Со второго этажа Ялуша повела ее к лестнице на чердак, добротной, но крутой. Несмотря на свою комплекцию, речная женщина проворно вскарабкалась наверх и открыла тяжелый люк, а затем и исчезла в проеме под потолком. Послышалась тихая ругань, звук, как будто кто-то высекает искру кремневыми камешками, а затем абсолютная темнота чердака отступила и заполнилась теплым золотистым светом. Мгновение – и в квадрате проема показалось круглое лицо Ялуши.
– Ну, что стоишь? Лезь сюда, девочка!
Мара быстро взобралась на чердак к Ялуше. Здесь было уютно, пахло сухоцветом и сладким сеном. У дальней стены стояли какие-то мешки, свет из круглого окошка под самым потолком падал на примятые подушки, укрытые шерстяным одеялом – видно, дети частенько прибегали сюда. А может, и сама Ялуша. Женщина направилась к другой стене, где Мара наконец увидела еще одну дверь – совсем неприметную, спрятанную в тени. Фонарь Ялуши осветил витую ручку и странные узоры, украшенные неведомыми символами.
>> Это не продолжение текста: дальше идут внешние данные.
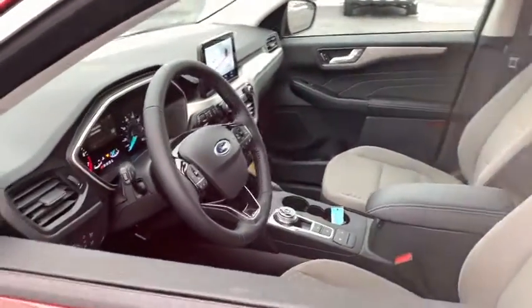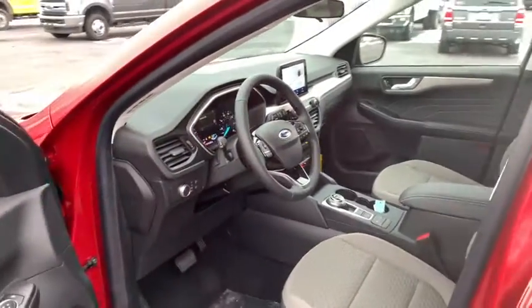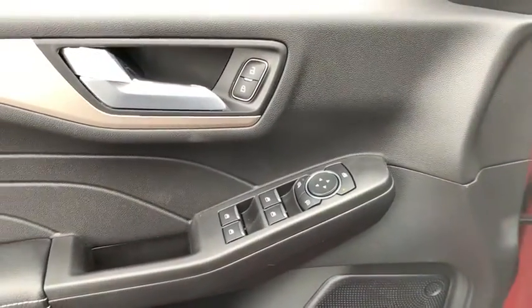Rear window defroster, power windows, brake assist, overhead console, panic alarm, remote keyless entry, tachometer, front reading lamps, rear window wiper, front bucket seats.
Ялуша поманила ведьму к себе, а затем открыла дверь.
Прохладный воздух ударил в лицо Маре, расцеловал щеки и впился холодом в губы. Ведьма, щурясь на ветру, огляделась: за порогом двери была крохотная площадка-козырек. Наверное, над крыльцом… Но, приглядевшись, ведьма поняла: они с другой стороны дома. Внизу виднелись двускатные крыши, кроны посеребренных деревьев, а выше – заснеженные древние горы, чьи острые верхушки вонзались в облака и распарывали их в мягкие клочья. Невероятная громада впивалась зубьями в небо, терзала далекую высь и тянулась до самого горизонта, изорванного силуэтами гор. Но ведьма глядела не на горизонт.
Между двух гигантских крутых гор растекалась черная река – так могло показаться на первый взгляд. И лишь если присмотреться, можно было разглядеть искореженные черные деревья. Мертволесье.
Легенда гласила, что когда-то Гарварнские леса взбирались по склонам Караласских гор высоко-высоко и пробирались до самого Призрачного моря. Но когда настал первый Излом Колеса, Королева Зимы облюбовала перевал меж Сестер, двух исполинских гор, что далеко на западе Гарварны. Оттуда ее гончие начали свой путь, и все, чего они касались, гибло. Так и появилось Мертволесье – мертвая земля, черная, не знающая ни весны, ни живительной влаги ручьев. Оно страшным рубцом вгрызлось в вечную зелень леса, и ни время, ни обороты Колеса не смогли вернуть жизнь под мрачные своды Мертволесья. То, что мертво, никогда не воскреснет.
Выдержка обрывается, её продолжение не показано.